» **What needs to be done**:
Copy, please, the line with "may 2023 calendar" and each line that follows it through the end of the data below, exactly as given and without pictures.

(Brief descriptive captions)
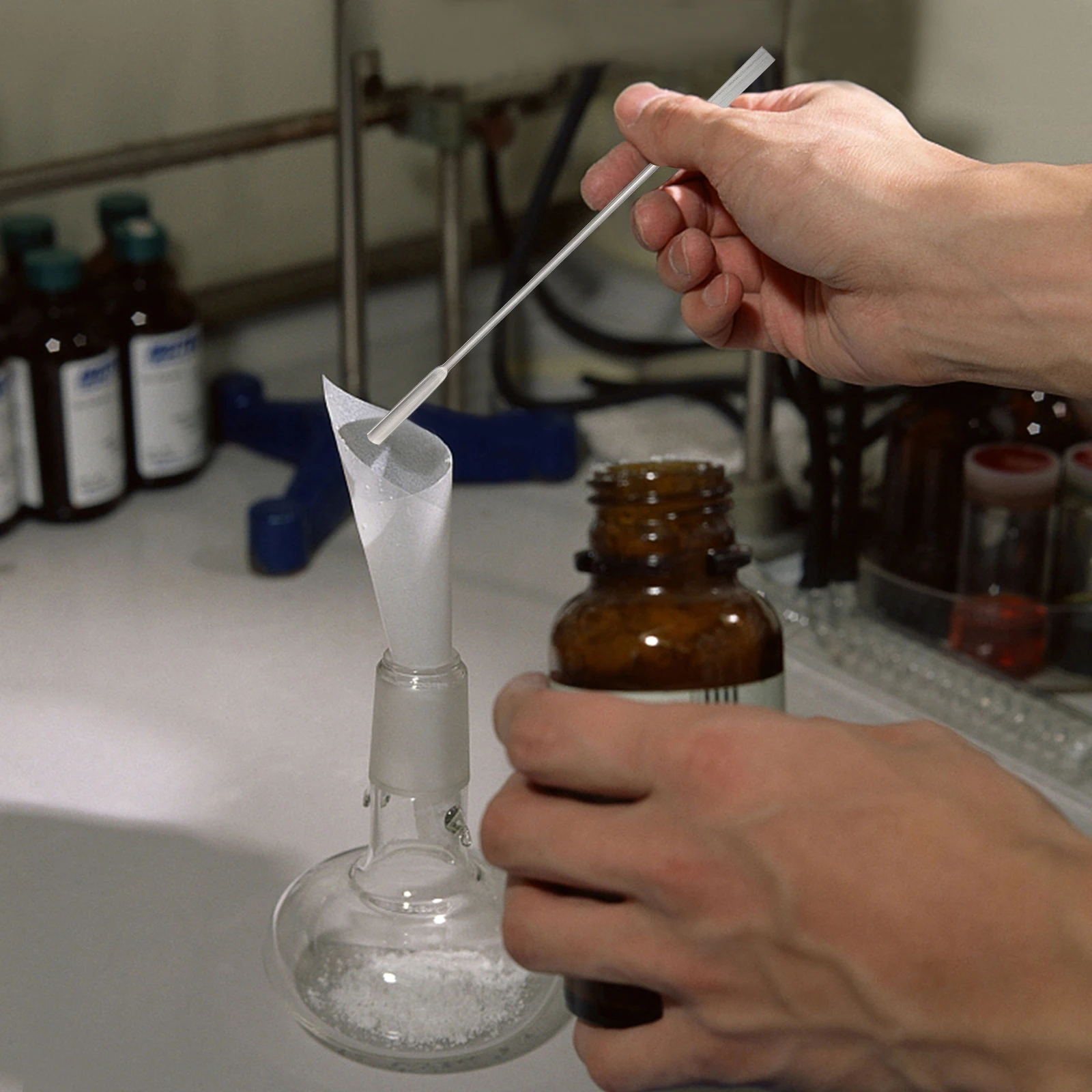 

Stainless Steel Double Ended Spatula 20 Cm Lab Tools Powder Scoop Home Lab Restaurant Teaching Equipment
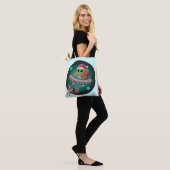 Alien Santa in UFO Tasche (Am Model)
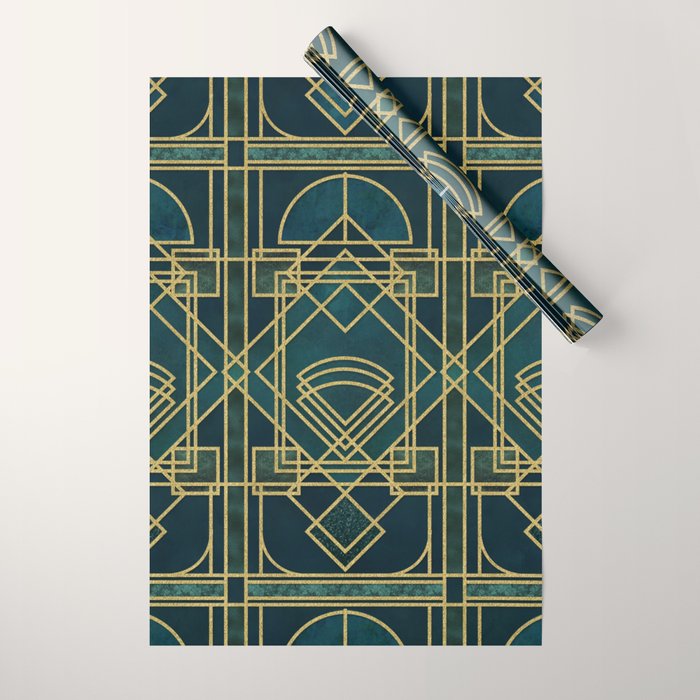 Art Deco Elegant Gatsby Style Wrapping Paper Gallery Image 1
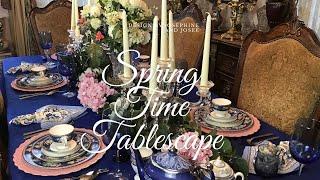 Spring Tablescape Spring Table Setting 2022 Ft Wedgwood English Bone China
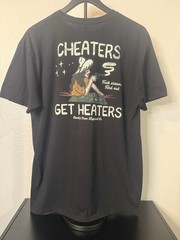 Combat Iron (Cheaters Get Heaters) Black Athletic Fit XL 60/40 Cotton-Poly Blend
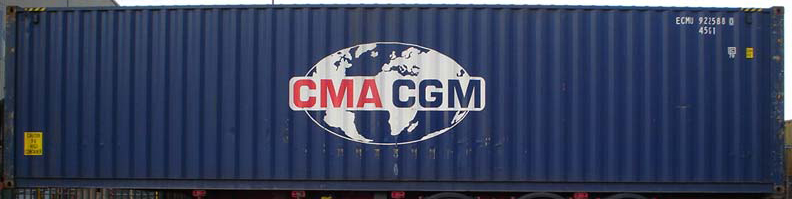 40HC container with prefix ECMU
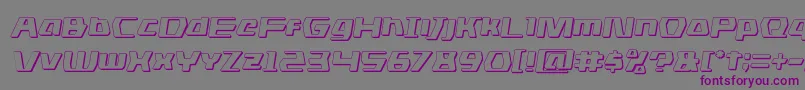 dsman3dsemital Font – Purple Fonts on Gray Background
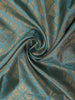 Light Blue Floral Woven Pure Kanchipuram Silk Saree - Diadem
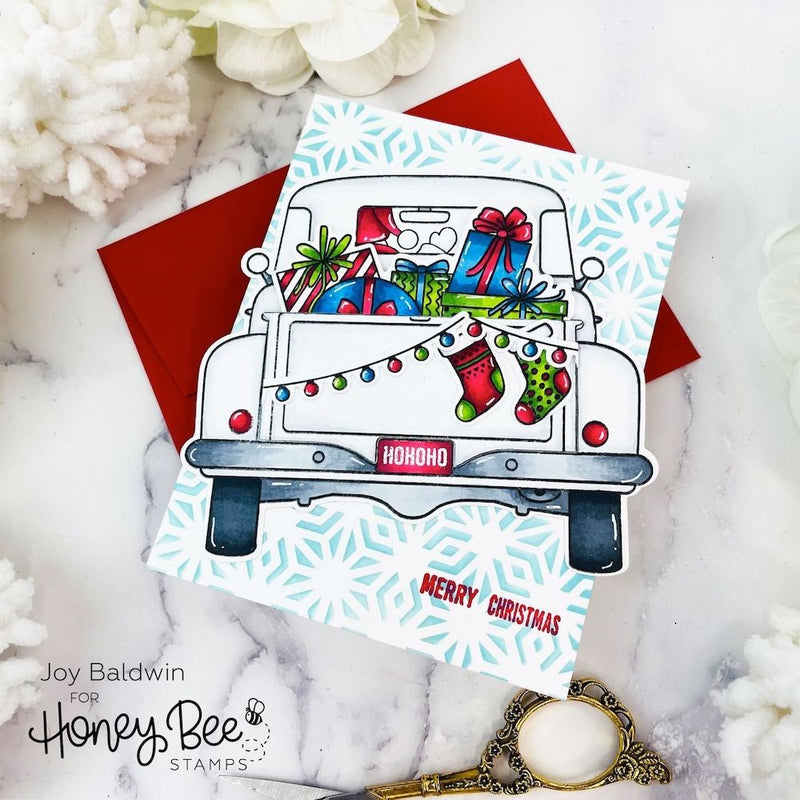 Honey Bee - Loads of Holiday Cheer Stamp & Honey Cuts Sets, HBST387, HBDS387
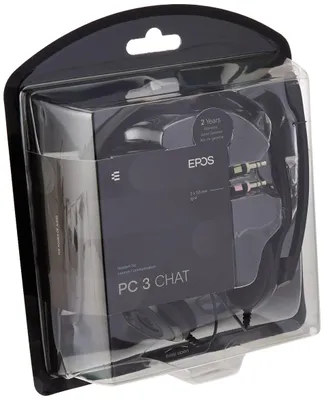 Productafbeelding van PC 3 CHAT, kabelmodel, geschikt voor kantoor/callcenter, frequentiebereik 42 - 17000 Hz, gewicht 77 g, hoofdtelefoon met microfoon, kleur zwart
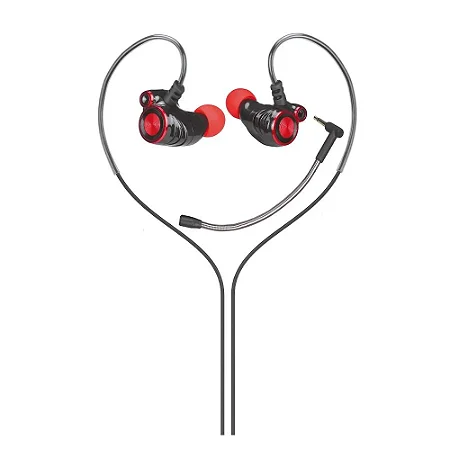 Fone de Ouvido HP DHE-7002 Intra-Auricular, com Microfone Removível
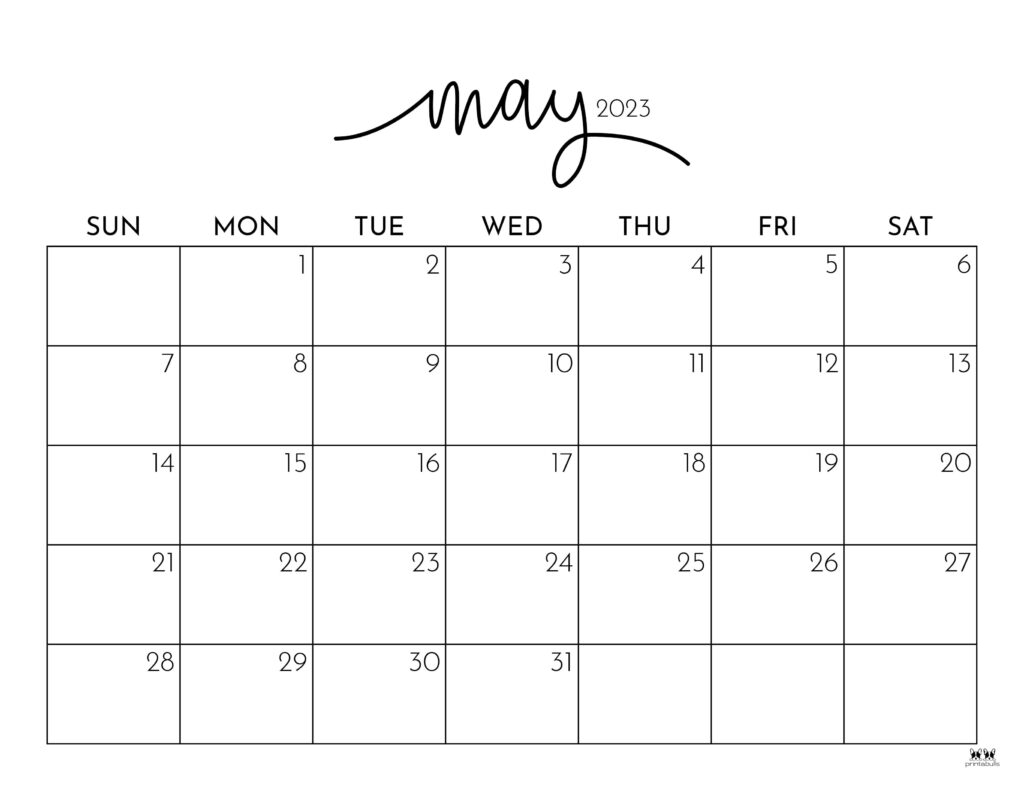 may 2023 calendar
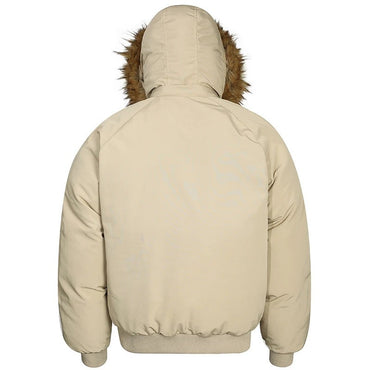?Mirrordust?Men Winter Jackets Thicken Warm Parkas Coat Vintage Fur Collar Padded Jackets Casual Loose Jackets Outwear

» **Result of the exercise**:
 may 2023 calendar
?Mirrordust?Men Winter Jackets Thicken Warm Parkas Coat Vintage Fur Collar Padded Jackets Casual Loose Jackets Outwear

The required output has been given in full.